On a March evening at the North Side Learning Center—a family literacy organization that serves as home base of the fellowship program—Nordquist sits at a table with sisters Yasmine and Ryanne Kanaan ’25 and Rayan Mohamed, a 2020 fellow who’s a Henninger High School senior and an incoming Syracuse University film student. They’re meeting on Zoom with Badr, Castro and Grattan to discuss an upcoming visit to Richmond, Virginia. In collaboration with ReEstablish Richmond, a nonprofit that helps refugees resettle in the community there, Narratio is launching a fellowship program in Richmond this summer and wants to introduce the community to the initiative. “Think of yourselves as facilitators—you are experts in this experience now,” Badr tells the fellows. “What would you want potential fellows to know, and how would you support them throughout these workshop exercises?”
Nordquist encourages them to talk about the importance of storytelling. “You get buy-in around the power of stories and how they can help you realize things about yourself and the world around you, but also move people to action,” he says. “The goal is to get them to think about themselves as artists and their connections to art even if they’re not ready to say, ‘I’m an artist.’”

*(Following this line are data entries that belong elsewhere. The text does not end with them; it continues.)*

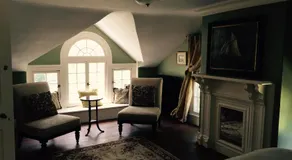 Niagara Gorge Mansion in Historic Village 5 Minutes from Falls - Image 2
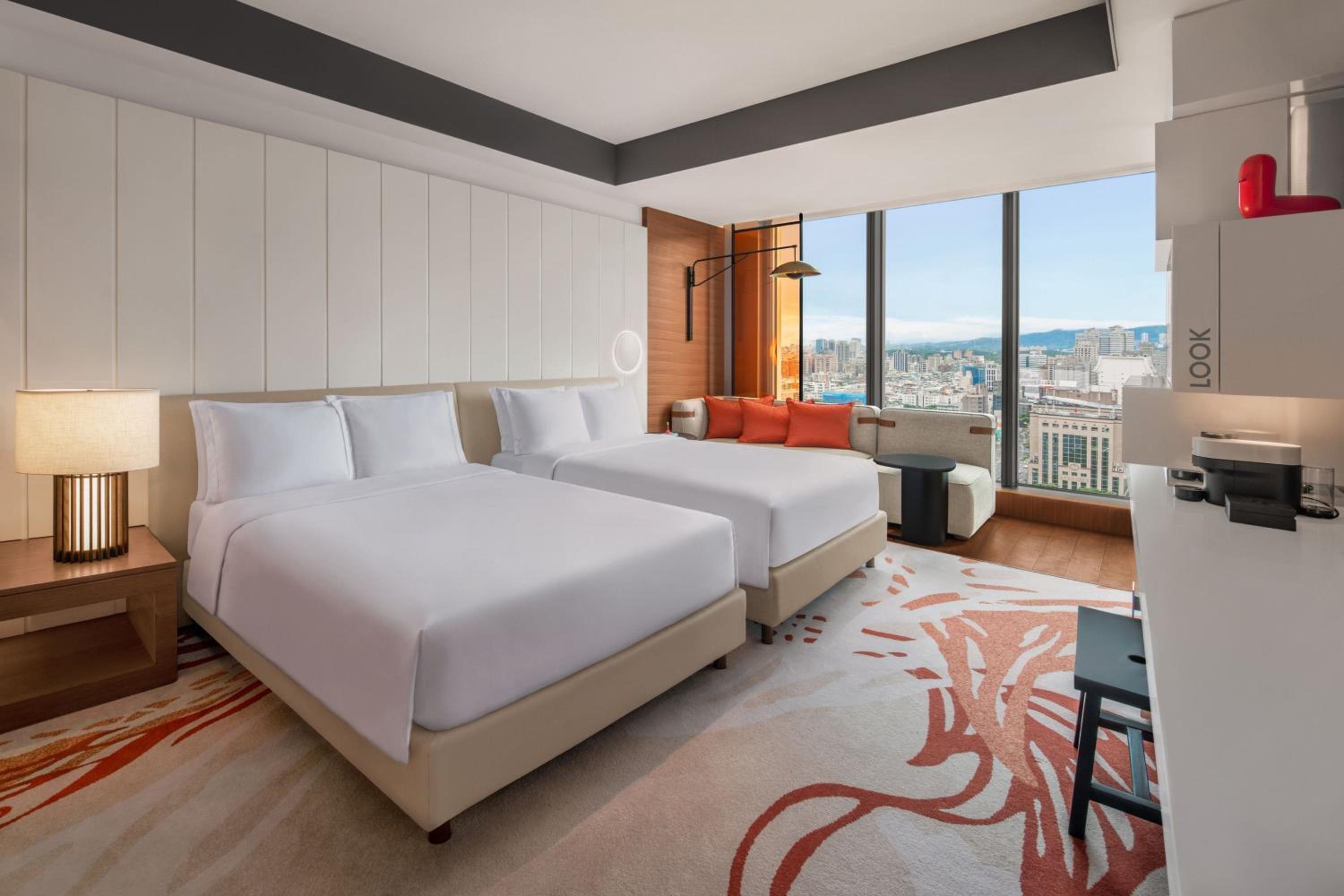 Wonderful Room, Guest room, 2 Double, City view - Photo 4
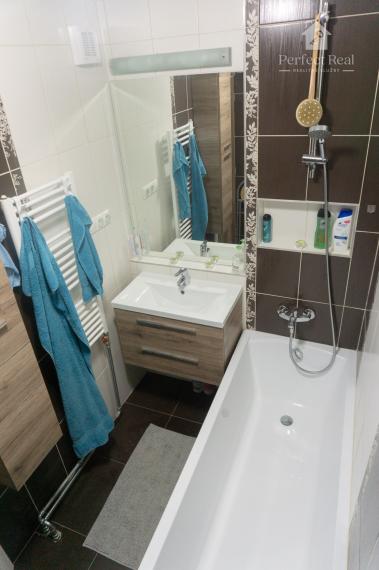 Prenájom okamžite voľného 3 izbového bytu na Borinách, DS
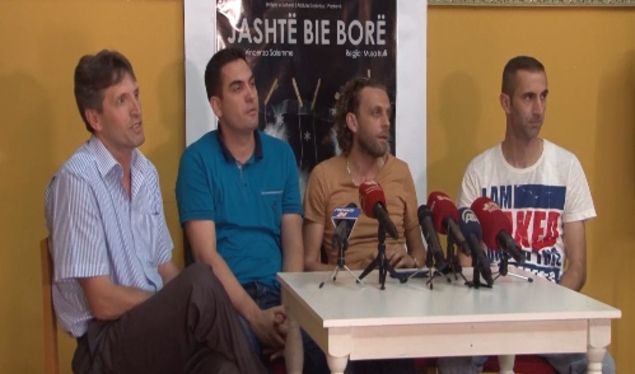 Artistët nga Presheva shfaqën në Tiranë komedinë "Jashtë bie borë"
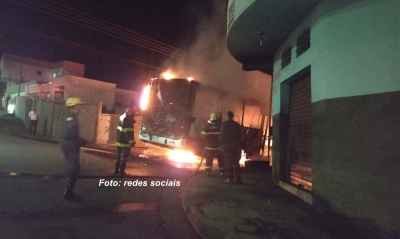 Ônibus são incendiados em várias cidades de Minas Gerais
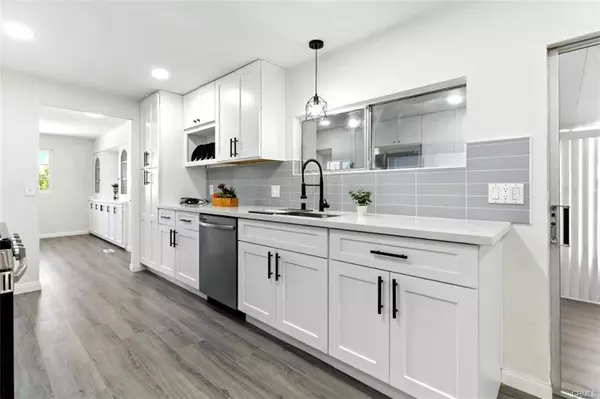 900 Santa Clara, Hemet, CA 92543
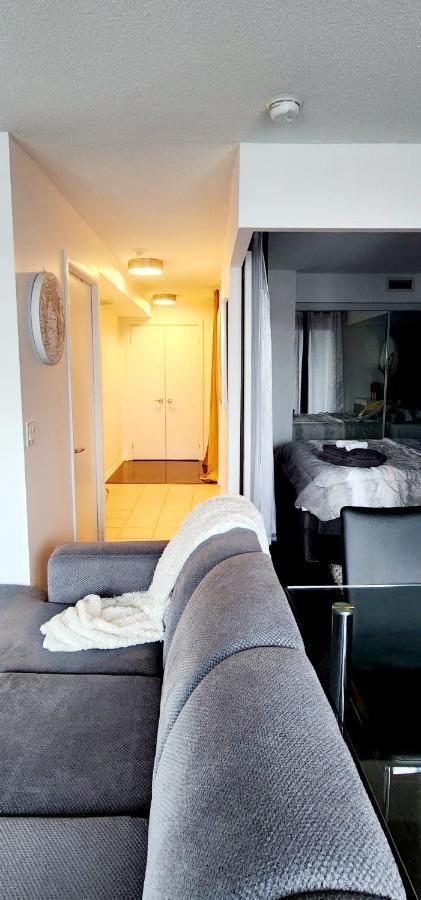 Lakefront Living Downtown Toronto - Free Parking, Gym, Indoor Pool Luaran gambar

I loved meeting all the new potential fellows and hearing their unique stories. Sharing my poem was not as scary as I thought it would be. I felt comfortable and honored that all those people wanted to listen to what I had to say.—Narratio Fellow Ryanne Kanaan ’25
The trip was a success. Among the highlights, Badr cites the storytelling workshop, calling the fellows’ engagement with potential fellows “a powerful experience—especially since a central goal of Narratio is this long-term activation across leadership, storytelling and representation.”
Ryanne Kanaan ’25 characterized the trip as “surreal and wonderful.” She was a workshop facilitator and performed her poem “Yellow Bus” before an audience at the Virginia Museum of Fine Arts. “I loved meeting all the new potential fellows and hearing their unique stories,” says Kanaan, a Syracuse University student on the pre-health track. “Sharing my poem was not as scary as I thought it would be. I felt comfortable and honored that all those people wanted to listen to what I had to say.”
Fellow Justo Antonio Triana ’25 emigrated from Cuba to the U.S. in 2019 and is now in his first year as a classical civilization major at Syracuse. He’s written poetry since he was young and gravitated to the Narratio Fellowship, seeing it as a way to develop his writing in English, grow creatively, share his work with a group and explore new forms of expression and voices. “What I enjoyed most about being a Narratio Fellow was being constantly exposed to different cultures and realities, being able to share mine and gaining the belief that if pursued and encouraged, art can spring naturally from each person,” he says.
Over the past three years, North Side Learning Center Executive Director Mark Cass ’80 has watched Narratio Fellows come together and create in workshops, support each other and stay connected. He recalls how one participant was painfully shy and didn’t consider himself a writer. The fellowship gave him confidence to discover his voice, speak out and coach others. It’s one of several transformative experiences Cass mentions when he thinks about the role the program plays in the fellows’ lives and all that they have accomplished. “The quality of what they produce together as a team is off the charts,” he says.
And, as Ryanne Kanaan notes, “I’m happy that I got to meet so many people who I can trust with my art.”